On Monday Pope Francis released his third apostolic exhortation, Gaudete et Exsultate, a teaching for all People of God to aid us in our path to holiness, which he defines—from the writings of Pope Benedict XVI—as “nothing other than charity lived to the full.” Holiness can seem to be a daunting task, but charity can feel a bit more attainable.

St. Francis de Sales dedicated his life to helping his parishioners grow in holiness, and when Pope Paul VI declared him a doctor of the church, the 17th century bishop was given the title Doctor of Love to honor his rapt attention on charity. Over the next five weeks, DeSales Weekly will present reflections on the intersections between Salesian spirituality and the five chapters of Gaudete et Exsultate.

The document’s first chapter on the call to holiness resonates with the spirit of the Second Vatican Council.
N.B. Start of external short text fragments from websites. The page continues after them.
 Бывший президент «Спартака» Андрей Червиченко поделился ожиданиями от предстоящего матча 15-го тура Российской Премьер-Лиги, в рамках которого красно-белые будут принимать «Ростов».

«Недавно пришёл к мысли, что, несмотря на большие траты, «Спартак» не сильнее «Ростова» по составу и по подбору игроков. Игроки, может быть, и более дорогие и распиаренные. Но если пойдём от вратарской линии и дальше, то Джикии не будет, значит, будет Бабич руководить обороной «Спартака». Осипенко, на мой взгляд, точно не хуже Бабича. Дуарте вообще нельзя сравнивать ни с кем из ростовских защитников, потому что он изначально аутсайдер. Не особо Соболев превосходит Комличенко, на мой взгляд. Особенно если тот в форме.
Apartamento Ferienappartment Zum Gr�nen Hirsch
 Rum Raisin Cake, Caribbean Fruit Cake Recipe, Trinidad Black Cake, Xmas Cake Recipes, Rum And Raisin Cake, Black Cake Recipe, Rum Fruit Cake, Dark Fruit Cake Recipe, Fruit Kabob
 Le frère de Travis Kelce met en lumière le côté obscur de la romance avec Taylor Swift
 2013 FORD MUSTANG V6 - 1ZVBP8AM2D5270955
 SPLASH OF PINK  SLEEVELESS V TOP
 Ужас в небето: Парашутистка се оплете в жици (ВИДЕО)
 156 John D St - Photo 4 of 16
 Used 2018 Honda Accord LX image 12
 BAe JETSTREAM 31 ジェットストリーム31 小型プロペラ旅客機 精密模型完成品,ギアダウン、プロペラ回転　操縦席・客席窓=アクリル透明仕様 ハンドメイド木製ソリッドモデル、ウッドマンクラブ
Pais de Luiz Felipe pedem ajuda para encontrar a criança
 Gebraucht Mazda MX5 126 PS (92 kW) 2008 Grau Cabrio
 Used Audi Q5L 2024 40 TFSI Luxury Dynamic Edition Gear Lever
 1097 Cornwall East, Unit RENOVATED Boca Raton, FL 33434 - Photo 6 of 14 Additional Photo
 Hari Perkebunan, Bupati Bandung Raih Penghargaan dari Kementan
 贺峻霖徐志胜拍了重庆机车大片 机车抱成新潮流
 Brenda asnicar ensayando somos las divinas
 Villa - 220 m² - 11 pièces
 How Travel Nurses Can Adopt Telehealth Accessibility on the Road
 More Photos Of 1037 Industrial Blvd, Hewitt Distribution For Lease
Again, Pope Paul VI hailed DeSales as a foreshadowing influence for his work on affirming that all people are called to a deep relationship with God that unfolds in the love of neighbor through charity. Consequently, Pope Francis offers practical and attainable examples of holiness in his latest teaching:

I like to contemplate the holiness present in the patience of God’s people: in those parents who raise their children with immense love, in those men and women who work hard to support their families, in the sick, in elderly religious who never lose their smile. In their daily perseverance I see the holiness of the Church militant. Very often it is a holiness found in our next-door neighbors, those who, living in our midst, reflect God’s presence. We might call them “the middle class of holiness (no. 7).”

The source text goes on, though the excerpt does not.